Sentences are automatically split at boundaries (, , , !, ?, newlines), and natural-length silence is inserted between sentences.

python
text = """
こんにちは。今日はいい天気ですね。
散歩でもしましょうか?
"""

speaker.generate(text).save("long.wav")

The pause length between sentences is predicted by the Duration Predictor, which is trained separately for each speaker.

This means some speakers pause longer between sentences and some shorter — the speaker's own breathing rhythm is faithfully reflected.

Getting bytes Instead of a wav File

To return audio directly as a response from a web server like FastAPI, use to_bytes().

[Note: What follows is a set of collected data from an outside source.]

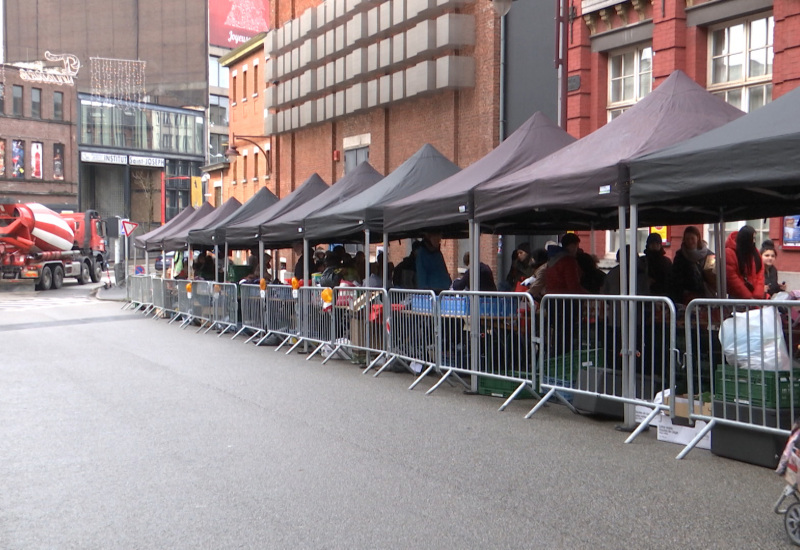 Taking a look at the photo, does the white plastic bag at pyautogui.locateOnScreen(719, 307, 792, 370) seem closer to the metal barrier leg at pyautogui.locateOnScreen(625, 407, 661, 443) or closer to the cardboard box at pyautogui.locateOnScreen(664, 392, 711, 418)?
the cardboard box at pyautogui.locateOnScreen(664, 392, 711, 418)

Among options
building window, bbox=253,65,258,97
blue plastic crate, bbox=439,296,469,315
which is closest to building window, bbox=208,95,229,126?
building window, bbox=253,65,258,97

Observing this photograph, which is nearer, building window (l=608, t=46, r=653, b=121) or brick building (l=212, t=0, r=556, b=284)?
building window (l=608, t=46, r=653, b=121)

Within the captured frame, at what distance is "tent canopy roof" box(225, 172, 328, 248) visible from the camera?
62.4 feet

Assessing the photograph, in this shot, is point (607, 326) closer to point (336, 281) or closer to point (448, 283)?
point (448, 283)

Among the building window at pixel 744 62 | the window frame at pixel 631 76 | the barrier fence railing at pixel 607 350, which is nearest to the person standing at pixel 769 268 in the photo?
the building window at pixel 744 62

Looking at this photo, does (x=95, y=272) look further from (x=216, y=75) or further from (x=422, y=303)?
(x=422, y=303)

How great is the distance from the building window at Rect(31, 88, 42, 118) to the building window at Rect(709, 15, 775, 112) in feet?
237

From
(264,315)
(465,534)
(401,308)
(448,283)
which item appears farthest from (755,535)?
(264,315)

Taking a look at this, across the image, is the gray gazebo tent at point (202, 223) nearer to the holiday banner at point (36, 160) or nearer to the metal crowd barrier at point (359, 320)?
the metal crowd barrier at point (359, 320)

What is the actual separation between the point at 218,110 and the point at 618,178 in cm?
8414

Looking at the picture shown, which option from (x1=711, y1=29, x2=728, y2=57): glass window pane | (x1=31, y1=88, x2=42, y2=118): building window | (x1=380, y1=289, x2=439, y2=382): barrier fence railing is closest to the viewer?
(x1=380, y1=289, x2=439, y2=382): barrier fence railing

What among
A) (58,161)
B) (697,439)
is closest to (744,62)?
(697,439)

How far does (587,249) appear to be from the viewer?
20406 mm

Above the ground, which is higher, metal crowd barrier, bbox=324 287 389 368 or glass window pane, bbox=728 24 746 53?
glass window pane, bbox=728 24 746 53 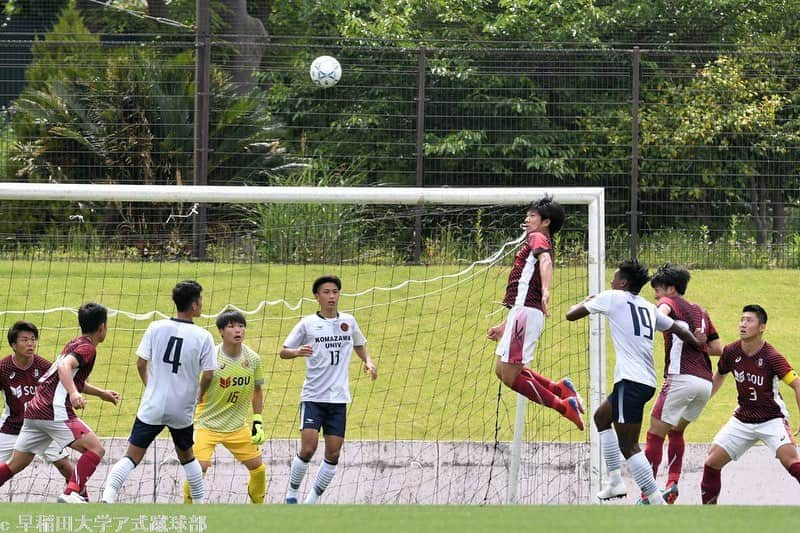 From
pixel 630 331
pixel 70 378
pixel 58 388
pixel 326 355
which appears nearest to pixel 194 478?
pixel 70 378

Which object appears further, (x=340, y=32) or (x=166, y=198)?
(x=340, y=32)

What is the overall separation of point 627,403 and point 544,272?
3.61 feet

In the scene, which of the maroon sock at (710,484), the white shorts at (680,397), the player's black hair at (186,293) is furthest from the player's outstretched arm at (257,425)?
the maroon sock at (710,484)

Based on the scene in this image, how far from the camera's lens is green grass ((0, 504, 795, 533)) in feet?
21.8

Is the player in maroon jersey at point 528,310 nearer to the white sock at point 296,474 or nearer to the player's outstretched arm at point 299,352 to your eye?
the player's outstretched arm at point 299,352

The return value is a WAV-format byte stream.

python
audio = speaker.generate("テストです。")
payload: bytes = audio.to_bytes()

Loading Multiple Speakers at Once

load() supports chaining, so you can register multiple speakers at once.

python
tts = (
    TTS()
    .load("jvnv-F1-jp")
    .load("jvnv-F2-jp")
    .load("jvnv-M1-jp")
    .load("jvnv-M2-jp")
    .prepare()
)

for name, speaker in tts.speakers.items():
    speaker.generate("おはようございます。").save(f"{name}.wav")

Because BERT is shared across all speakers, adding one more speaker does not double or triple the memory.

The per-speaker increase comes from the much smaller synthesizer, not BERT, so loading 4 speakers does not mean 4x the RAM.

Actual measurements and how to reproduce them are documented separately in FAQ — How much more memory does loading multiple speakers use?.

Tweaking Speed or Pitch

generate() accepts parameters for directly adjusting speech speed, pitch, and intonation.

python
speaker.generate(
    "今日はどんな国に辿り着くのでしょうか。",
    speed=0.95,        # slightly slower
    pitch_scale=1.05,  # slightly higher
).save("tuned.wav")

Available parameters and recommended ranges are covered in Speed & Prosody Controls.